Captioned web images
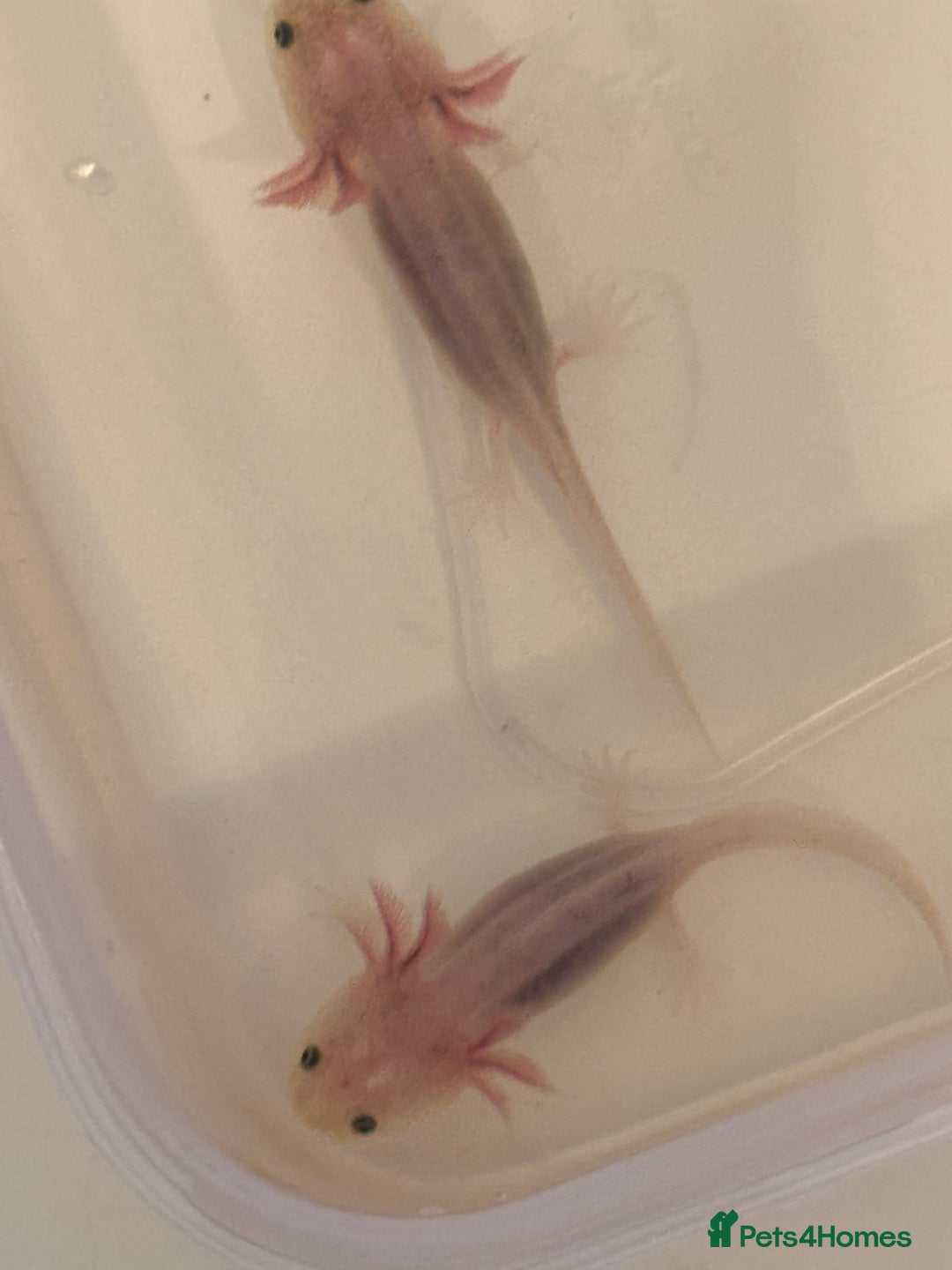 Axolotl reptiles for sale: Axolotl - Image 3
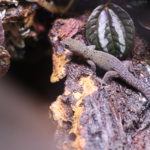 Sphaerodactylus rosaurae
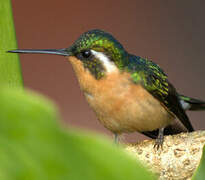 Colibri à ventre châtain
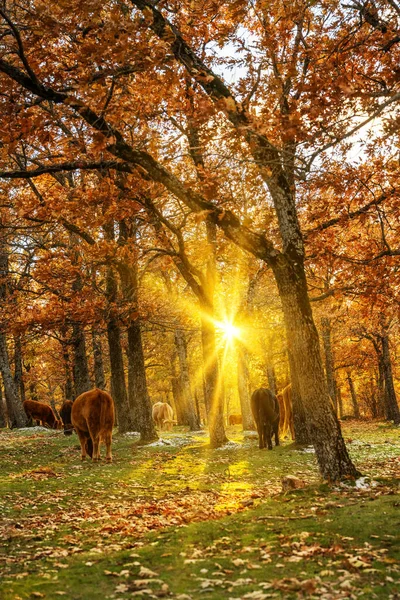 Kühe Grasen Einer Friedlichen Herbstlandschaft — Stockfoto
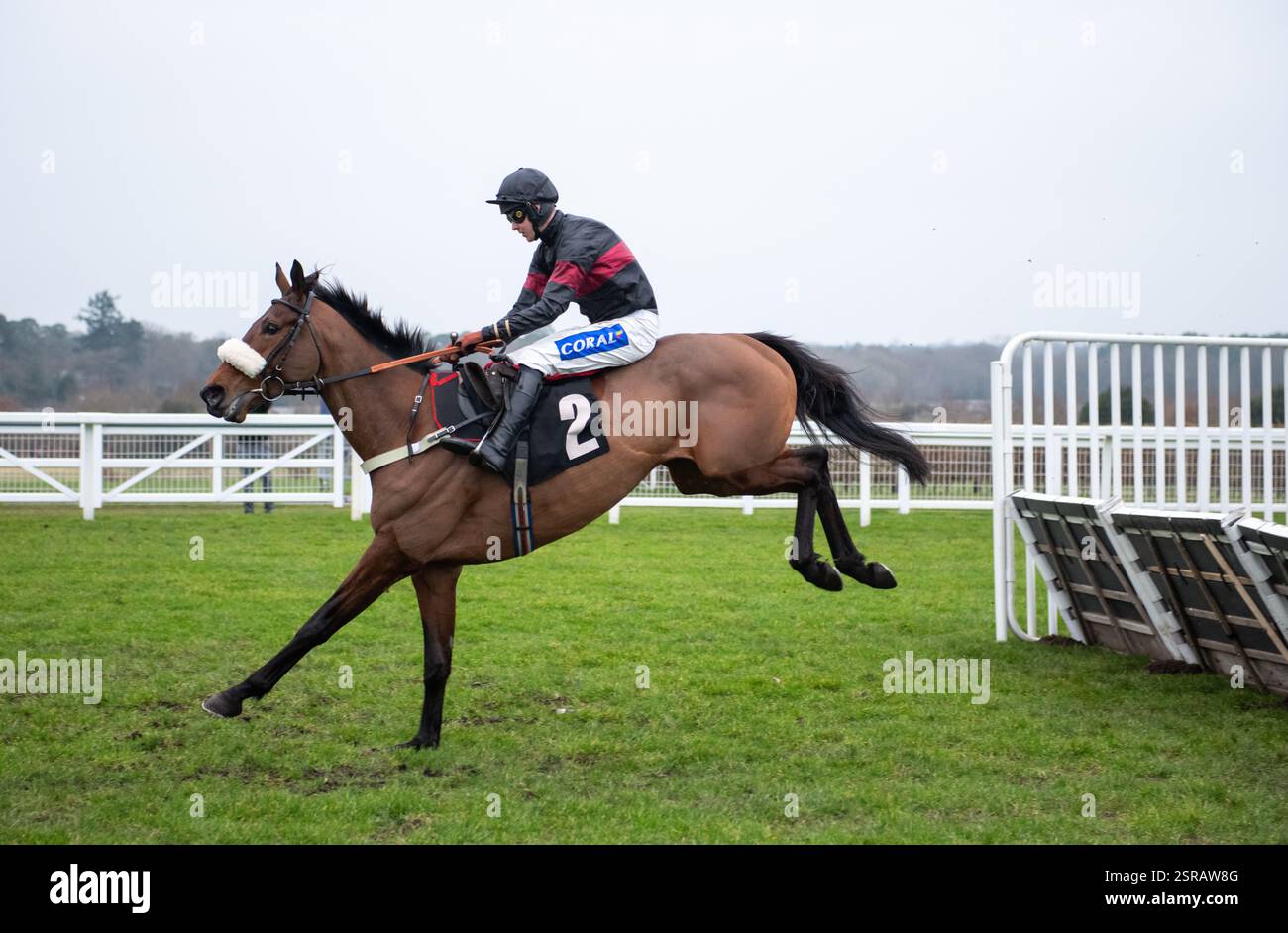Ascot, Regno Unito. Sabato 15 febbraio 2025. First Confession e Brendan Powell vincono l'ostacolo Novices dei podcast Betfair Racing per l'allenatore Joe Tizzard e i proprietari Kevan Leggett, Susan e John Waterworth. Crediti JTW equine Images / Alamy Live News Foto Stock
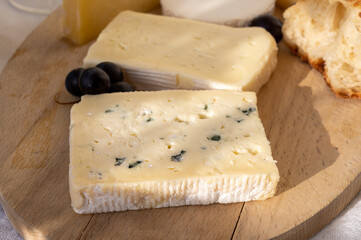 French cheese collection on marble board, emmental, carre de aurillac, petit cantal AOP Jeune, buche chevre, brie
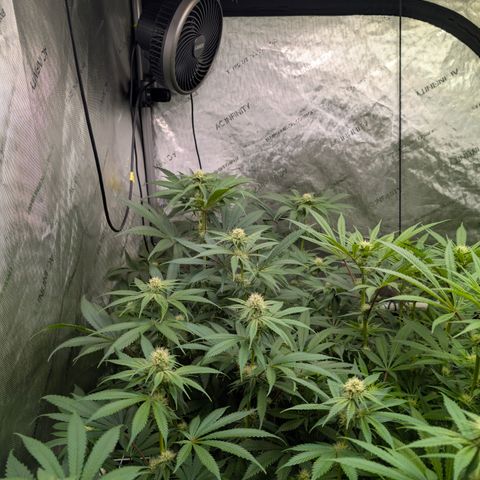 Stinking Rose growlog timeline photo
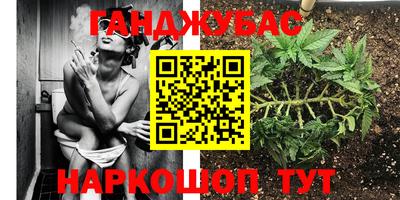 дурь Камышлов
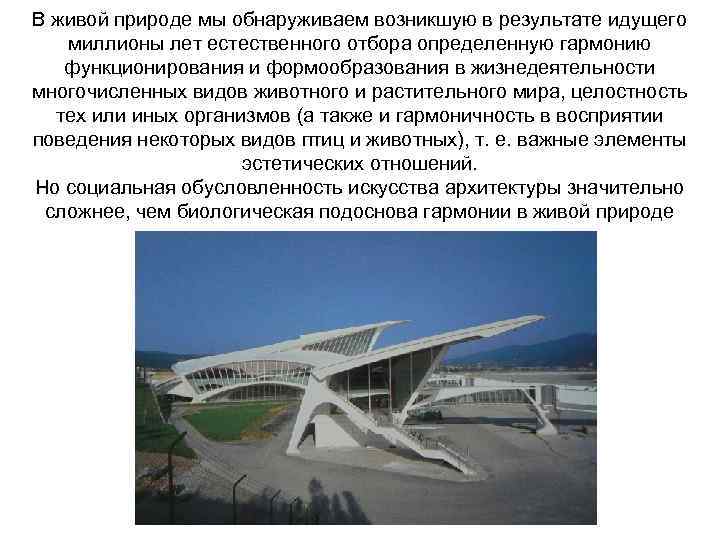 В живой природе мы обнаруживаем возникшую в результате идущего миллионы лет естественного отбора определенную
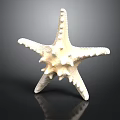 Detailed White Spiny Armed Starfish with Textured Surface and Reflection on Black Background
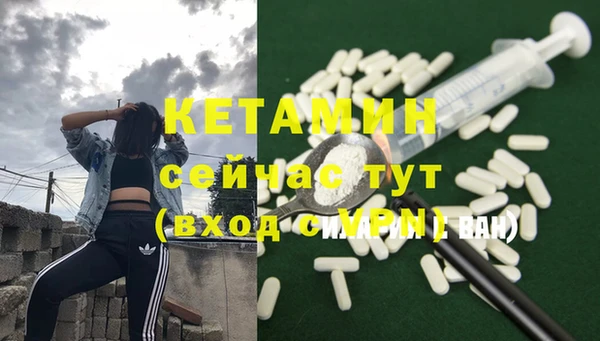 стаф Новодвинск
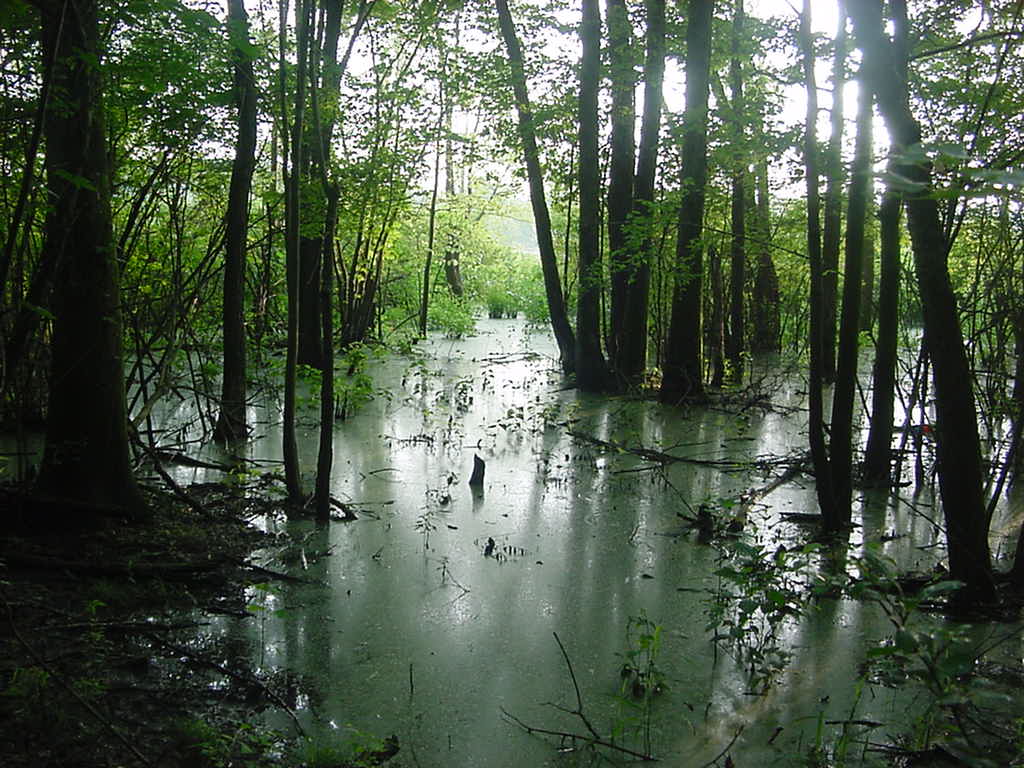 swamp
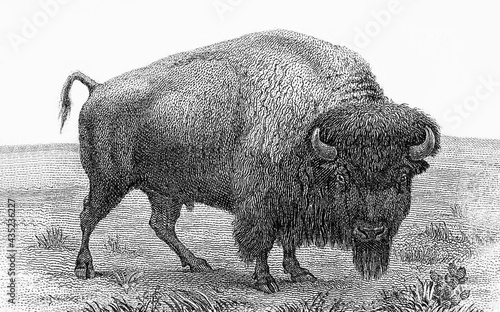 A bison Portrait from United States of America 10 dollars 1901 Banknotes. bison note, buffalo note, Lewis and Clark note.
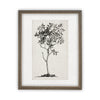 READY TO SHIP 24X36 Vintage Framed Canvas Print: Black & White Tree Sketch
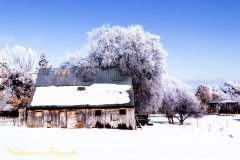 Frost Trees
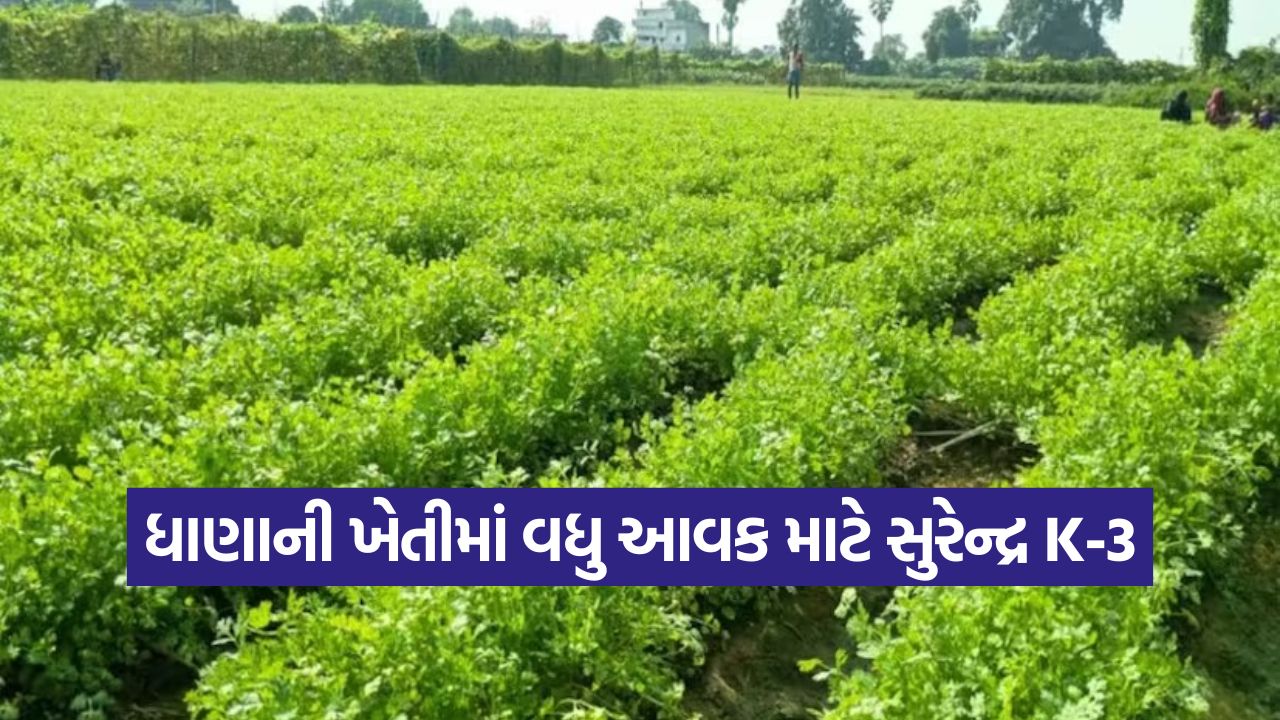 Surendra K 3 Variety Paddy 1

» **HOW TO COMPLETE THIS TASK**: Retype exactly, please, the span from the line holding "Detailed White Spiny" through the closing line of the data, both ends included, without the pictures.

» **ANSWER BELOW**:
 Detailed White Spiny Armed Starfish with Textured Surface and Reflection on Black Background
 стаф Новодвинск
 swamp
 A bison Portrait from United States of America 10 dollars 1901 Banknotes. bison note, buffalo note, Lewis and Clark note.
 READY TO SHIP 24X36 Vintage Framed Canvas Print: Black & White Tree Sketch
 Frost Trees
 Surendra K 3 Variety Paddy 1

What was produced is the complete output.